*** GIVEN DATA Section Begins ***

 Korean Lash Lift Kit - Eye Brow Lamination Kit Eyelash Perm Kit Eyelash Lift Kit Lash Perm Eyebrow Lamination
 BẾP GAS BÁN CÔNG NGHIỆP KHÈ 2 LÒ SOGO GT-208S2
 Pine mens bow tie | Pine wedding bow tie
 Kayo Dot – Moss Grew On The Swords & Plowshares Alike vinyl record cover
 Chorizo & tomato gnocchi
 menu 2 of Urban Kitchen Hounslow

*** GIVEN DATA Section Ends ***

## ABOUT THIS EXERCISE
Write down all the entries again without a single difference.

## TASK RESULT
 Korean Lash Lift Kit - Eye Brow Lamination Kit Eyelash Perm Kit Eyelash Lift Kit Lash Perm Eyebrow Lamination
 BẾP GAS BÁN CÔNG NGHIỆP KHÈ 2 LÒ SOGO GT-208S2
 Pine mens bow tie | Pine wedding bow tie
 Kayo Dot – Moss Grew On The Swords & Plowshares Alike vinyl record cover
 Chorizo & tomato gnocchi
 menu 2 of Urban Kitchen Hounslow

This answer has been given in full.